Faut-il voir une sorte de vanité de classe très proche de l’orgueil ouvrier dans l’obéissance des forces de l’ordres ? Ouvrier et CRS se plient l’un comme l’autre à des ordres qui vont à l’encontre de la mission affichée et servent des objectifs très éloignés. Disposés en ordre de bataille, ils luttent ironiquement avec la même abnégation pour le maintien des deux faces d’un système qui les exploite entièrement, du corps à la fierté.

Je regarde autour de moi : qu’est-ce qui est produit en France ? Rien. Même mon agenda est imprimé en Chine. Nous vivons aux crochets du monde. Qui produit quelque chose, aujourd’hui ? Qui a une vraie production, matérielle ou de service en France ? Le gouvernement a bon dos de fustiger une minorité qui bloque la majorité : il n’y a que cette minorité qui produise quoi que ce soit d’utile ! Le jour où on verra une grève des assureurs ou des financiers, seuls l’argent en pâtira.

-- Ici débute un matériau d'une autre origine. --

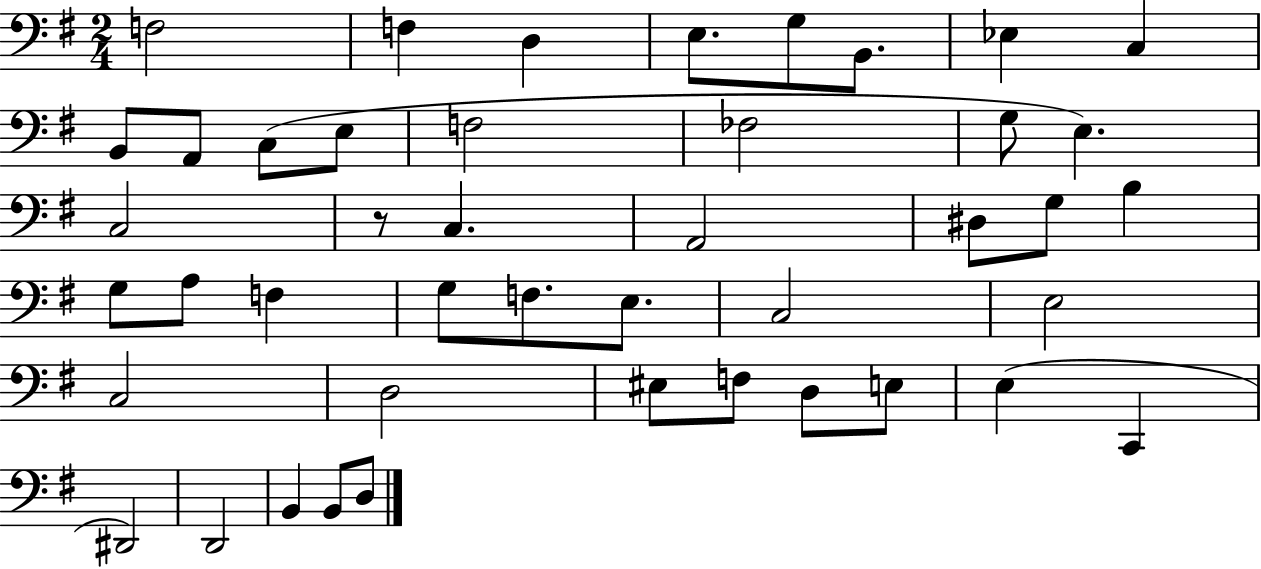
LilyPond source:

{
  \clef bass
  \numericTimeSignature
  \time 2/4
  \key g \major
  f2 | f4 d4 | e8. g8 b,8. | ees4 c4 | \break b,8 a,8 c8( e8 | f2 | fes2 | g8 e4.) | \break c2 | r8 c4. | a,2 | dis8 g8 b4 | \break g8 a8 f4 | g8 f8. e8. | c2 | e2 | \break c2 | d2 | eis8 f8 d8 e8 | e4( c,4 | \break dis,2) | d,2 | b,4 b,8 d8 | \bar "|."
}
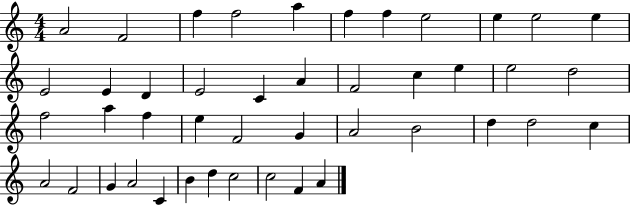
{
  \clef treble
  \numericTimeSignature
  \time 4/4
  \key c \major
  a'2 f'2 | f''4 f''2 a''4 | f''4 f''4 e''2 | e''4 e''2 e''4 | \break e'2 e'4 d'4 | e'2 c'4 a'4 | f'2 c''4 e''4 | e''2 d''2 | \break f''2 a''4 f''4 | e''4 f'2 g'4 | a'2 b'2 | d''4 d''2 c''4 | \break a'2 f'2 | g'4 a'2 c'4 | b'4 d''4 c''2 | c''2 f'4 a'4 | \break \bar "|."
}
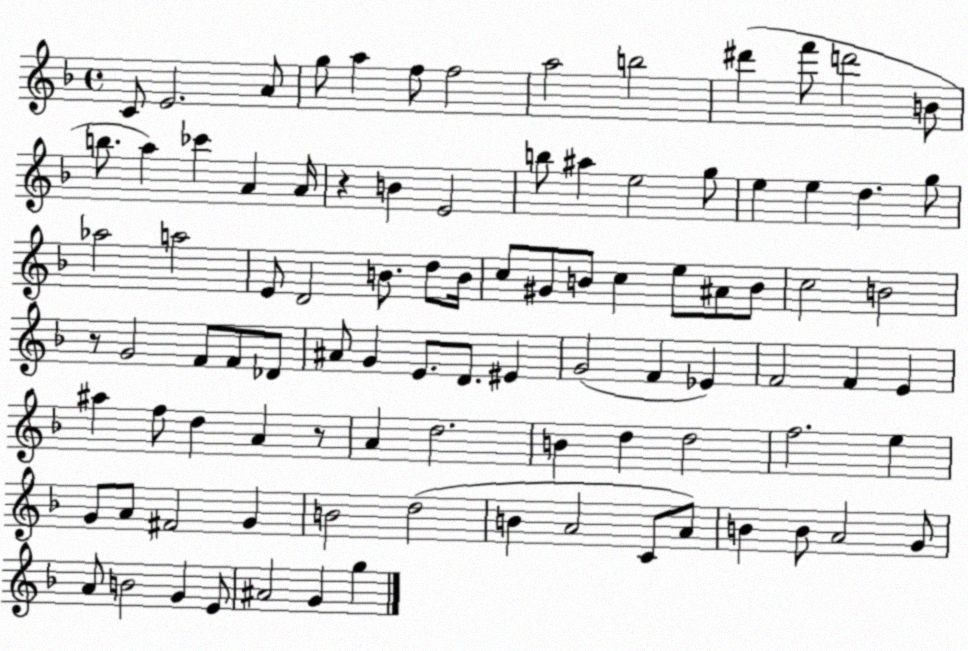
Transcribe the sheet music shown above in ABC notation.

X:1
T:Untitled
M:4/4
L:1/4
K:F
C/2 E2 A/2 g/2 a f/2 f2 a2 b2 ^d' f'/2 d'2 B/2 b/2 a _c' A A/4 z B E2 b/2 ^a e2 g/2 e e d g/2 _a2 a2 E/2 D2 B/2 d/2 B/4 c/2 ^G/2 B/2 c e/2 ^A/2 B/2 c2 B2 z/2 G2 F/2 F/2 _D/2 ^A/2 G E/2 D/2 ^E G2 F _E F2 F E ^a f/2 d A z/2 A d2 B d d2 f2 e G/2 A/2 ^F2 G B2 d2 B A2 C/2 A/2 B B/2 A2 G/2 A/2 B2 G E/2 ^A2 G g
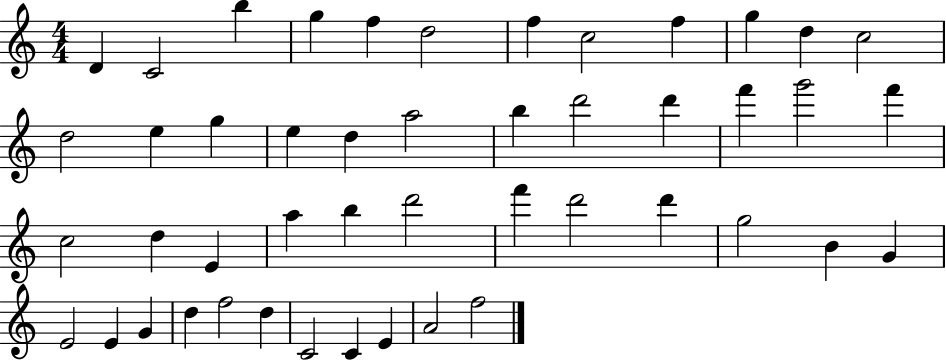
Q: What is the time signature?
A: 4/4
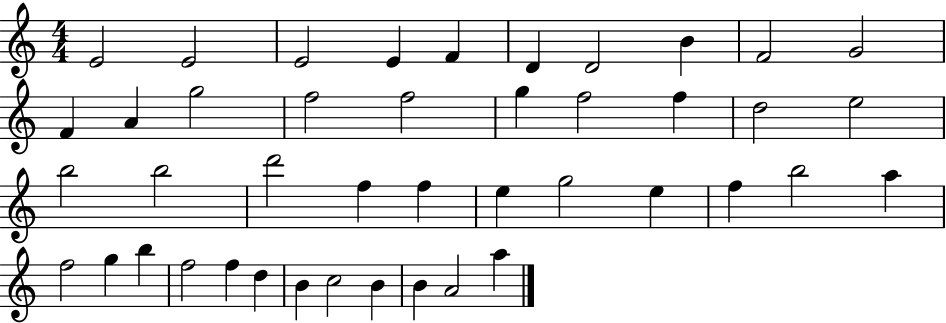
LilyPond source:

{
  \clef treble
  \numericTimeSignature
  \time 4/4
  \key c \major
  e'2 e'2 | e'2 e'4 f'4 | d'4 d'2 b'4 | f'2 g'2 | \break f'4 a'4 g''2 | f''2 f''2 | g''4 f''2 f''4 | d''2 e''2 | \break b''2 b''2 | d'''2 f''4 f''4 | e''4 g''2 e''4 | f''4 b''2 a''4 | \break f''2 g''4 b''4 | f''2 f''4 d''4 | b'4 c''2 b'4 | b'4 a'2 a''4 | \break \bar "|."
}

Les avantages acquis l’ont été sur une chaîne maintenant séculaire de sacrifices, partant des colonies (même décolonisées) jusqu’aux actuels pays de mains d’œuvre à bon marché, et ce toujours pour le profit supérieur des décideurs qui voudraient que nous devenions les futurs pays à bon marché. Plutôt que de refuser le retour de sacrifice qu’ils exigent aujourd’hui sous couvert de réforme, il faudrait leur refuser les profits qui ne font que rallonger la chaîne des sacrifices.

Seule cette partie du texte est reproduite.